Trivia

@rod
You make some good suggestions, but the handgun restrictions would be a tough sell. Though I agree that any gun that can be on concealed should be accompanied with a CCP, there are still legit arguments for hanguns for home defense. I cannot speak for other states, but getting a CCP just isn’t that hard. As was explained to me by the state police who issue them, if you supply the necessary conditions, training and background check, the police are liable if they fail to show just cause for not giving you one. I don’t think many realize how reasonably easy it is to get one. What most peole fear is, IF they have a need, they want the ability to get a gun quickly and easily…without preparation. In this immediate gratification society, that’s neither well thought out or safe when it comes to handguns.

I seldom agree with the rhetoric of the NRA, but there over all position on the ownership of handguns (and other) is that you get plenty of training and get a CCP. How can you argue with that ?

Possibly the CCP permits should be more difficult to obtain, @dagosa. The devil, as always, is in the details but we must get started on a course that will reduce the number of murder weapons on the street and large bore pistols and ASSAULT RIFLES are murder weapons. Even the insane murderers won’t be caught with a .303 Enfield or a Mauser 94. In their sick minds they want the “blaze of glory.” I saw a man go nuts and unload 150 rounds in an M-60 in the middle of the staff nco shacks in I Corps. He wanted to die. If he wanted to murder someone or even several people he had access to .45s, M-16s and every other weapon in use at the time.

I think @rod you hit the nail on the head. Would we give unlimited rights NOW, for anyone 200 from now to own a gun with the technology available in 200 years ? No one in their right mind would say yes to that…So what makes us think the writers of our constitution intended that. I get conservatism…but I don’t know that true conservatives feel decisions made should hold true to perpetuity, which from our perspective, two hundred years is. As a liberal weenie, you guys will have to enlighten me on that one.

How does one scramble for cover with an M-60 blazing away…is there such a thing as cover ?

And to say the impact of the massacre should be forgotten or liken to a line from Charlton Heston because it makes people feel uncomfortable is beyond comparison

No, more like people get tired of hearing about it.

And still, no comment on the success of registering machine guns...for over 90 years !

Go back to page 9, you’ll see my comment on that

AK-47 and M-16 look alikes are over priced and over rated and are much less utilitarian than weapons costing significantly less.

If that were true, why is the government going after them? Hell, why does the military use them if they are so unwieldy?

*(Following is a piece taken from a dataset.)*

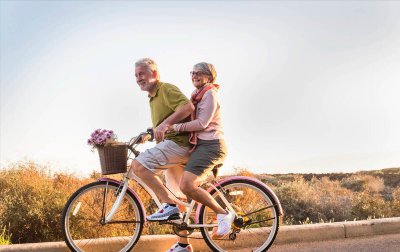 为啥男人看到你就想上你 男人总是想要亲密关系正常吗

The only way to do that is to distinquish that difference at the time one takes possession of a gun

Which is all fine and good, but how do you expect a felon buying a stolen firearm from another felon to run a background check on each other?

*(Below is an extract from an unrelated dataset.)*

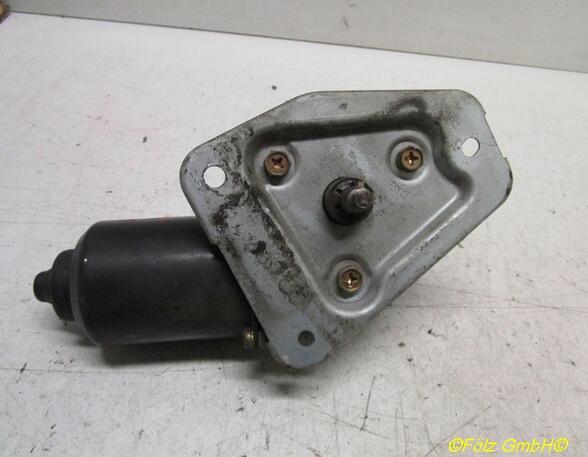 Wiper Motor DAIHATSU Sirion (M1)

Military weapons are for the military and the militia, which is the National Guard.

A militia (pron.: /mɨˈlɪʃə/),[1] generally refers to an army or other fighting force that is composed of non-professional fighters; citizens of a nation or subjects of a state or government that can be called upon to enter a combat situation, as opposed to a professional force of regular soldiers or, historically, members of the fighting nobility.

You made the argument for me. The militia IS the citizenry, not JUST the National Guard. So by your statement, I can own military weapons.

"How do you expect a felon buying a firearm from another felon to run a background check"
All guns are registered on first sale from the manufacturer to the dealer to the first time buyer. With out that first time registration, manufactures would have liability. It is the first sale from a legalized registered owner to another unregistered owner and eventually to a criminal that does not get checked…hope I am making sense. Like the machine gun, that first time registered owner is responsible for the next sale ’ s background check. If he does not transfer the weapon legally, it is still in his name, and like a machine gun, he would be committing a crime after the fact if the gun were found in use by a felon.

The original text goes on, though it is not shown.